*** Opening MATERIAL TO PROCESS ***

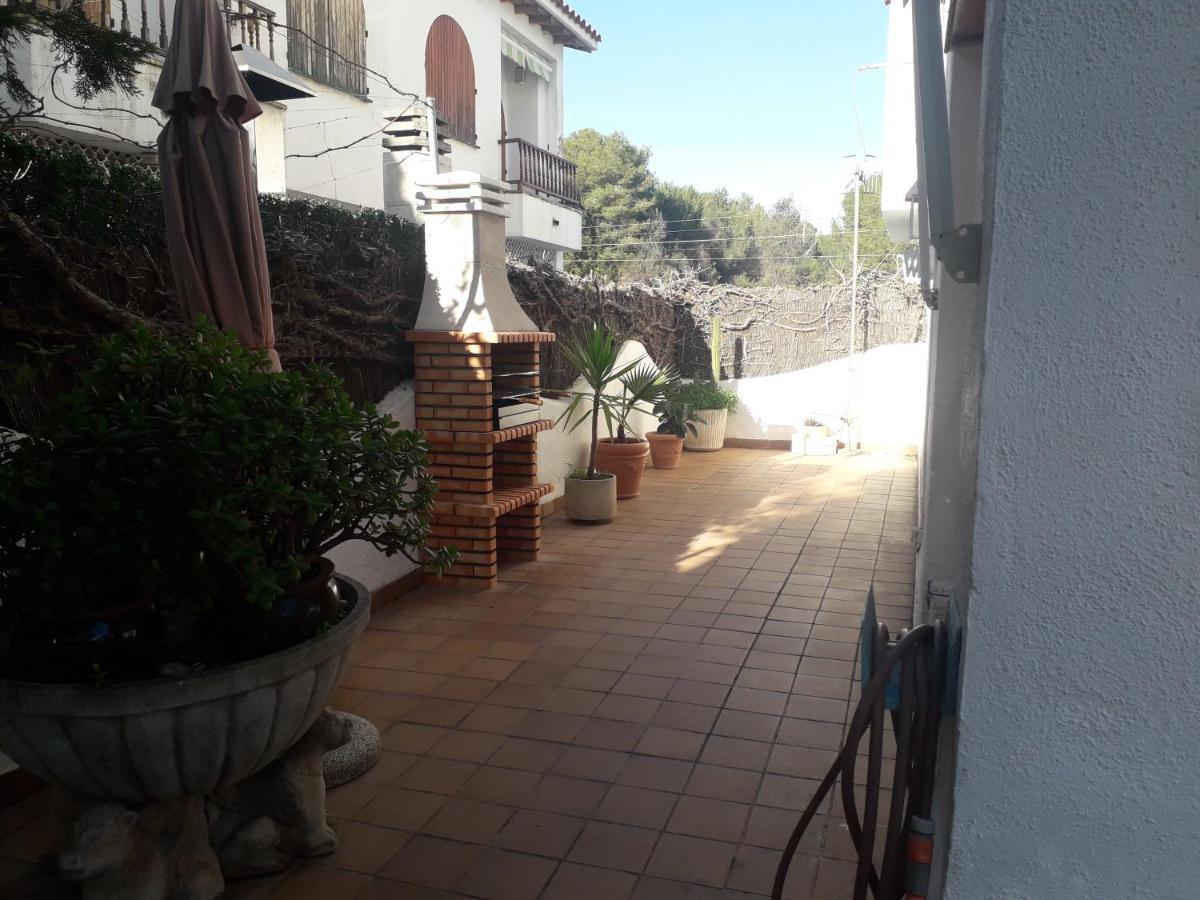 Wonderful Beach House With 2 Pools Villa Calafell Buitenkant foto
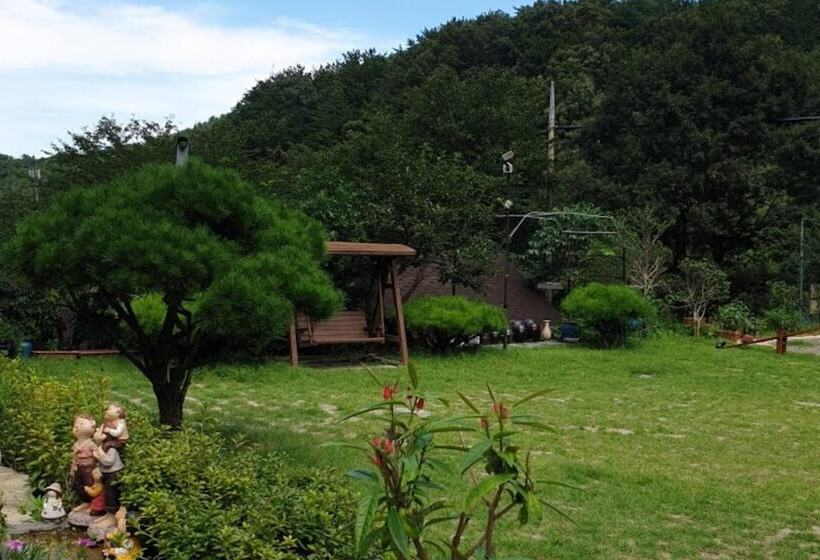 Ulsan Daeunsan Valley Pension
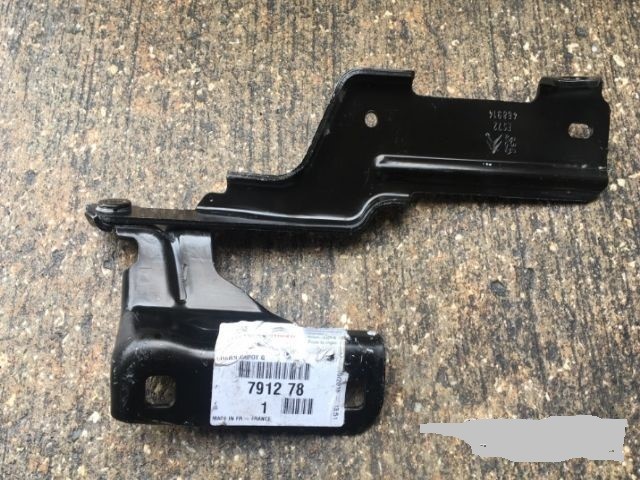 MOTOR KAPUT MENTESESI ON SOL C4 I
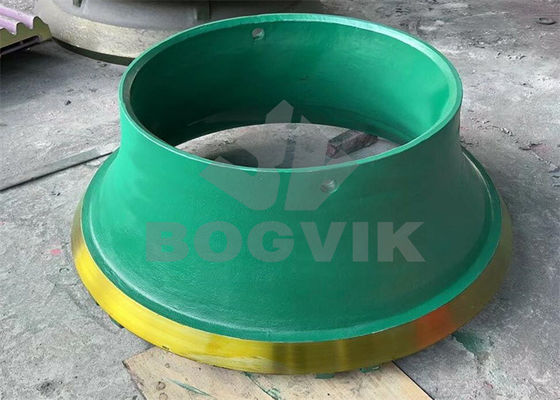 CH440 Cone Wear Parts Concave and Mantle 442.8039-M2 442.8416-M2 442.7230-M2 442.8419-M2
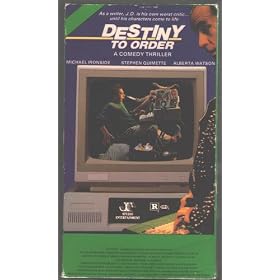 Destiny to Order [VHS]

*** Closing MATERIAL TO PROCESS ***

▶ EXERCISE AIM
Leave out the pictures, and retype exactly the lines from the one containing "Ulsan Daeunsan Valley Pension" through the final line of the data.

▶ THE COMPLETED TASK
 Ulsan Daeunsan Valley Pension
 MOTOR KAPUT MENTESESI ON SOL C4 I
 CH440 Cone Wear Parts Concave and Mantle 442.8039-M2 442.8416-M2 442.7230-M2 442.8419-M2
 Destiny to Order [VHS]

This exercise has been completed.